Disclosure orders adverse to attorney–client privilege do not qualify for immediate appeal.
Court membership
Case opinions
Majority Sotomayor, joined by Roberts, Stevens, Scalia, Kennedy, Ginsburg, Breyer, Alito; Thomas (part II-C)
Concurrence Thomas
Laws applied
28 U.S.C. § 1291

Mohawk Industries, Inc. v. Carpenter, 558 U.S. 100 (2009), is a United States Supreme Court case in which the Court held that disclosure orders adverse to attorney–client privilege do not qualify for immediate appeal under the collateral order doctrine.

This opinion is notable, as being the first Supreme Court opinion authored by Justice Sonia Sotomayor.[1] In addition, this is the first time a Supreme Court opinion used the term "undocumented immigrant" - the term "illegal immigrant" having appeared in a dozen earlier opinions.[1]

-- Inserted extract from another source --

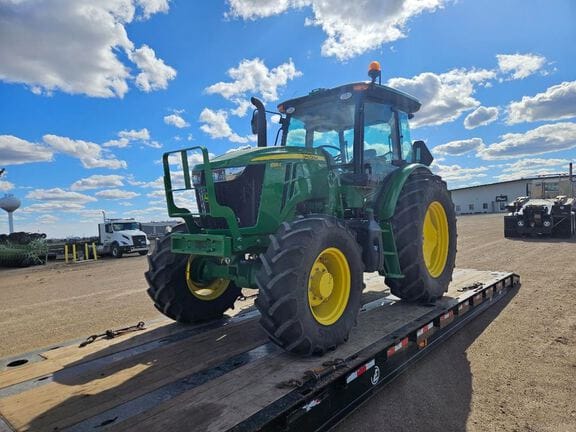 2022 John Deere 6135E Equipment Image0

Norman Carpenter, a Mohawk shift supervisor, had e-mailed Mohawk’s human resources department, claiming that the company was employing undocumented immigrants. Carpenter was directed to meet with a lawyer representing the company, who allegedly pressured Carpenter to recant his statements. Carpenter alleged that he was terminated when he failed to do so. Carpenter filed suit in the U.S. District Court for the Northern District of Georgia, which granted his motion to compel Mohawk to produce information regarding Carpenter’s meeting with the Mohawk lawyer, finding that the company had waived the privilege of attorney–client confidentiality. The U.S. Court of Appeals for the 11th Circuit affirmed, and the U.S. Supreme Court granted certiorari to resolve a conflict amongst the circuit courts of appeals.

Question presented[edit]

Do disclosure orders adverse to the attorney–client privilege qualify for immediate appeal under the collateral order doctrine?

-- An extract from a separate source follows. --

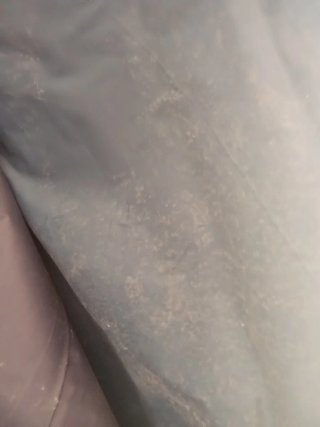 Rollos de tela beige y negro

Opinion of the Court[edit]

Under Cohen v. Beneficial Industrial Loan Corp., 337 U.S. 541, a party may immediately appeal a district court order if it: 1) conclusively determines the disputed issue; 2) resolves an important issue completely separate from the merits of the action; and 3) is effectively unreviewable on appeal from a final judgment.

The Court agreed with the Court of Appeals, that the third prong of the Cohen requirements is not met, because there are adequate remedies available upon an appeal from a final judgment where there was a discovery order adverse to attorney–client privilege. Although the Court acknowledged the importance of the attorney–client privilege, it reasoned that there are many other important rights that litigants must wait to vindicate until after the entry of final judgment. Appellate courts can remedy improper disclosure of privileged materials the same way erroneous evidentiary rulings are remedied: by vacating judgment and remanding the matter back to the district court for a new trial in which the protected material and its fruits are excluded.

The Court also reasoned that the possibility of a disclosure order and a delayed potential appeal is unlikely to interfere with attorney–client communications.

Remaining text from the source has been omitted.